Felix Wu faces an uphill fight in Sunday’s election to govern a neighborhood that includes this city’s Chinatown. As his name suggests, Wu is of Chinese descent and, indeed, he says he’s running to represent the Asians of the 13th “arrondissement,” or district.
This might sound routine to Americans used to immigrants breaking into politics through their ethnic identity. But in France, Wu is seen as a revolutionary. Or more accurately, a counterrevolutionary.
For the more than 200 years since the French Revolution, this country has declared that distinctions of race or creed must be submerged for the good of La France. Everyone is French, so no one campaigns as a representative of, say, Portuguese, Italian, African or Chinese heritage voters.
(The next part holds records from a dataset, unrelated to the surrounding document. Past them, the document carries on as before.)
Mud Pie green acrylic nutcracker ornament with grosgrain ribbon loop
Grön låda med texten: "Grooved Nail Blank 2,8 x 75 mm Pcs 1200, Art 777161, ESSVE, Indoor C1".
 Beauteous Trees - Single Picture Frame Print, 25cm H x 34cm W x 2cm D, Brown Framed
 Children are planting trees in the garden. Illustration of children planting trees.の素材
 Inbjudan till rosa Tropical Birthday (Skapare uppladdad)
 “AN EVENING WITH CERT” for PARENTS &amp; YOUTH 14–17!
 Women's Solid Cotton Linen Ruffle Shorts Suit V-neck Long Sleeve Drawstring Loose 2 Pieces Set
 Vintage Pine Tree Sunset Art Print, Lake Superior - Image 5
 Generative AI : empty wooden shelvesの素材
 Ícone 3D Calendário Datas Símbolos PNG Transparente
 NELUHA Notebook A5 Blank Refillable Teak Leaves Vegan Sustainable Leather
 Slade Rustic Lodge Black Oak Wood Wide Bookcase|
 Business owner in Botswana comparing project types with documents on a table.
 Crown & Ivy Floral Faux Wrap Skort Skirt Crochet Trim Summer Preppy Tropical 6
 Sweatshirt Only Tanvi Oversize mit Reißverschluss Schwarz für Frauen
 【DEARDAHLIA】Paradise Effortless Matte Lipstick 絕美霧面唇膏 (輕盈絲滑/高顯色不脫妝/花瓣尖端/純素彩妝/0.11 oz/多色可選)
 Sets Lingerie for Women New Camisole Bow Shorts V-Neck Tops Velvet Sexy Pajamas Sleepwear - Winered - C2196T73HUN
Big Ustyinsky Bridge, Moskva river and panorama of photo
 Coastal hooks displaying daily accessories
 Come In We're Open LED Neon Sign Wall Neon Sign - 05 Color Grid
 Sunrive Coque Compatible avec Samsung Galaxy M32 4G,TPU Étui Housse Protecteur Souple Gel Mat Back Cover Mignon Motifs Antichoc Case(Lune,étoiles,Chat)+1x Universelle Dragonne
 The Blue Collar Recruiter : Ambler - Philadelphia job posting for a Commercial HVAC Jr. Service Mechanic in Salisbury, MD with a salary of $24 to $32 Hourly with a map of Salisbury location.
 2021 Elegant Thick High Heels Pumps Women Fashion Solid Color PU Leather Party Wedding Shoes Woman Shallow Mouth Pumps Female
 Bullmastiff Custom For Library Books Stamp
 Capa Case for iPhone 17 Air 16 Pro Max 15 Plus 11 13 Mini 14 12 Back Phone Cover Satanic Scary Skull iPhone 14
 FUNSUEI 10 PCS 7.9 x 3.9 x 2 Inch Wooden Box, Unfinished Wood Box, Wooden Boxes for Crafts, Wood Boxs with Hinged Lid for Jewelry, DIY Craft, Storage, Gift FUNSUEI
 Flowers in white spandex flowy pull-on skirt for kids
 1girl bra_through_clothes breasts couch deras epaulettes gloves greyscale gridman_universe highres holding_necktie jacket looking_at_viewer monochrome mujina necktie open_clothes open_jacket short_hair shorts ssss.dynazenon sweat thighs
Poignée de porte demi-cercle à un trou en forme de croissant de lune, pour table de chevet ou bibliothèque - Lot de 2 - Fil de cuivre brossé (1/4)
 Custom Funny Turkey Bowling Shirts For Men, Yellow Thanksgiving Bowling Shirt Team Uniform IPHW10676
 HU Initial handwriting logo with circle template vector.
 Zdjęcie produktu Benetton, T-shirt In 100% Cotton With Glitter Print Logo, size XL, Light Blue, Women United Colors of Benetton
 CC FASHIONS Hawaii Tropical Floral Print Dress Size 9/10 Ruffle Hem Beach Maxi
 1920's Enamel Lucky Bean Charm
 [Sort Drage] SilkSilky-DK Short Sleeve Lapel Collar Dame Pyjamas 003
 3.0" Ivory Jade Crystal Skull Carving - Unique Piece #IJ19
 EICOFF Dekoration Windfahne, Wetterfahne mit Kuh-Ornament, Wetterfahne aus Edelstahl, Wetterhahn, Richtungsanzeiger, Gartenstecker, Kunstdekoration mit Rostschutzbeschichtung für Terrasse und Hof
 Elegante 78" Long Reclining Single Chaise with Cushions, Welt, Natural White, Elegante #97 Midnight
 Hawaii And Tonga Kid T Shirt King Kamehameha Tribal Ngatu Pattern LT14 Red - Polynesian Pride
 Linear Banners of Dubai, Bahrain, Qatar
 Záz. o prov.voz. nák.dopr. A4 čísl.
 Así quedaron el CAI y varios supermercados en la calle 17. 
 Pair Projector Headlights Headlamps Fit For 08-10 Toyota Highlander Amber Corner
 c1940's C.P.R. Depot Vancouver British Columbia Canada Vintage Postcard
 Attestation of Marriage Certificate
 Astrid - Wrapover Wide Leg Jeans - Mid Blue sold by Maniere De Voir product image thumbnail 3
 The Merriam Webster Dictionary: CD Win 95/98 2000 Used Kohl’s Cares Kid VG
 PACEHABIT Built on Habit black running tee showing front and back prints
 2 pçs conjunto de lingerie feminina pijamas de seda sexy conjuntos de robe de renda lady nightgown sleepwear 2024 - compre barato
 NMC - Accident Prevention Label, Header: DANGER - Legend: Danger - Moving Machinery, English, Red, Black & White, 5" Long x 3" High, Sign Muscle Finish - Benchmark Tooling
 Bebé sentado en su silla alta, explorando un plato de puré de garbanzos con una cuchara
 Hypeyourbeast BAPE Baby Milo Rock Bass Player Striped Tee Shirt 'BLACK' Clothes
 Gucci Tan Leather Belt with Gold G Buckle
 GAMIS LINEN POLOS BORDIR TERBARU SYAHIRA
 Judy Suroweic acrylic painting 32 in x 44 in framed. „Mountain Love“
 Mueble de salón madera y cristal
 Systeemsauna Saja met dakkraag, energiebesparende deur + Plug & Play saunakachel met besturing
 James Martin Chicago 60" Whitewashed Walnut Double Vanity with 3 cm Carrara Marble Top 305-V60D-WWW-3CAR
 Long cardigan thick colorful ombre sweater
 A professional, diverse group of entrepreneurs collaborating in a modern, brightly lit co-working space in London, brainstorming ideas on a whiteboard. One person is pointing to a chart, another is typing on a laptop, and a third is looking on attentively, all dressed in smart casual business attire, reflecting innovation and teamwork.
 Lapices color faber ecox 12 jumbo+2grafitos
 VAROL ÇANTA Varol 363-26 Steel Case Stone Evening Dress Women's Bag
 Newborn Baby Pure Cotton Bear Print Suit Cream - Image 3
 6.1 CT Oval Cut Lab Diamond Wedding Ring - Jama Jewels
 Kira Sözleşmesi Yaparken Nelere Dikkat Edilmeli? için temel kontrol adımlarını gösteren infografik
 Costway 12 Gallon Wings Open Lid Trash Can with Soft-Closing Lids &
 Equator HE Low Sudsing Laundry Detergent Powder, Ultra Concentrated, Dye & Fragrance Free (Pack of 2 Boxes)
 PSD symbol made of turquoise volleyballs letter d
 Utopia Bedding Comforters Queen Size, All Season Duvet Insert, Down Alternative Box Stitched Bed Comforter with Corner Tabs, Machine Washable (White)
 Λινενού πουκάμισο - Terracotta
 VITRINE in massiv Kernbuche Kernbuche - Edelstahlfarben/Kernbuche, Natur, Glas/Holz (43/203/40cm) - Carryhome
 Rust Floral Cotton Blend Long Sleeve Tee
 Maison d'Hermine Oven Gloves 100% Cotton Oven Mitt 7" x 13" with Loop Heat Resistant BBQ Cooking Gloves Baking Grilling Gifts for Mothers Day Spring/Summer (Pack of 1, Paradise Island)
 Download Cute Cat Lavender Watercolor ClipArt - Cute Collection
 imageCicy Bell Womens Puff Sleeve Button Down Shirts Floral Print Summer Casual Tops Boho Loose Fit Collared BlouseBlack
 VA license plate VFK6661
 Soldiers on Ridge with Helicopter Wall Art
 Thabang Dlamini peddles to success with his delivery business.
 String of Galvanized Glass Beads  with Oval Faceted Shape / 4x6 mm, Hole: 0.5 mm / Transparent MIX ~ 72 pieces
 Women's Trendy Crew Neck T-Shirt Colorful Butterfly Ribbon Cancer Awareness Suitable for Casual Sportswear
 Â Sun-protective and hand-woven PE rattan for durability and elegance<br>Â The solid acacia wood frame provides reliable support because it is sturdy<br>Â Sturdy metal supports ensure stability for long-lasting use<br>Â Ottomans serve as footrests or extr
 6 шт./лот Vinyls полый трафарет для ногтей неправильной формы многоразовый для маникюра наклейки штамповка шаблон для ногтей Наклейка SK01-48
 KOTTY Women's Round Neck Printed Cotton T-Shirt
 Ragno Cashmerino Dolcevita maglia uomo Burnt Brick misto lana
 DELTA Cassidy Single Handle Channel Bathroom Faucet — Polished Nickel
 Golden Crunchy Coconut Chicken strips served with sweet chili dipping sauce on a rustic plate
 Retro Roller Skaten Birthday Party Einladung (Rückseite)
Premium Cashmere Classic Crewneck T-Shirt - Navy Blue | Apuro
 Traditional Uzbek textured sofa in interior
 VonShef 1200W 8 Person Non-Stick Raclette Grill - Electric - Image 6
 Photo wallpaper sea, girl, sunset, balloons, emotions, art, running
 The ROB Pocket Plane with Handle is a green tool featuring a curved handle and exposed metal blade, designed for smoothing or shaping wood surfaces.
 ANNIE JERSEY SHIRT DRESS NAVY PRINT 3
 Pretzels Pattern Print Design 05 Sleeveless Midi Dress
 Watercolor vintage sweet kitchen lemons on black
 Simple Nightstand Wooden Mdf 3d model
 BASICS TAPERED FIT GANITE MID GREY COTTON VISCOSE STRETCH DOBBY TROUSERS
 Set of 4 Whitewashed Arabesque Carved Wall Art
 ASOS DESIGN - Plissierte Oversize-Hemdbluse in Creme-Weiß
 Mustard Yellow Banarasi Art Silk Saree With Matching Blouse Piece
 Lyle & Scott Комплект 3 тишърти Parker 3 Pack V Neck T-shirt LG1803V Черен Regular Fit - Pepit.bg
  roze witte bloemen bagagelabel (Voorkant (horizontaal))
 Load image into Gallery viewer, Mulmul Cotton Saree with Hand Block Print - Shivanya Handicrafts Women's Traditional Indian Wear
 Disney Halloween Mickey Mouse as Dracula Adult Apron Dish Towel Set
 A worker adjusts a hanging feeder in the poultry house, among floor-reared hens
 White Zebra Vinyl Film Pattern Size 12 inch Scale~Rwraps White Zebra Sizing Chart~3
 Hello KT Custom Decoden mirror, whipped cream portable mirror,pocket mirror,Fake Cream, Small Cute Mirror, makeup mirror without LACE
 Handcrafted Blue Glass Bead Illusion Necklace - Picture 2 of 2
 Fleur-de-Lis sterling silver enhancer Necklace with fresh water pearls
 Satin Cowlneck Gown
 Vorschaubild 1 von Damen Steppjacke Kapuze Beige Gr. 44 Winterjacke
The French are so committed to the idea of equality that it is against the law to survey the population about its racial, ethnic and religious origins.
No sooner had Wu, a 36-year-old restaurateur, begun plastering campaign posters of his boyish face across Chinatown than opponents accused him of being a “communitarian,” a kind of political curse word in French culture for organising along cultural lines. Wu dismisses such a derogatory characterisation. “The concept that we are all equal is denying the fact that we are all different,” he said. “When a person looks at me on the street, he will see an Asian, not a French, even if I feel very French. So why should I try to hide the reality?”
Despite the burgeoning population of immigrants and their children from North Africa and Muslim countries, France has no black or Arab mayors and no minorities representing mainland France in the National Assembly. Even suburbs with high concentrations of voters of African, Arab or Chinese descent are run by the Franco-French.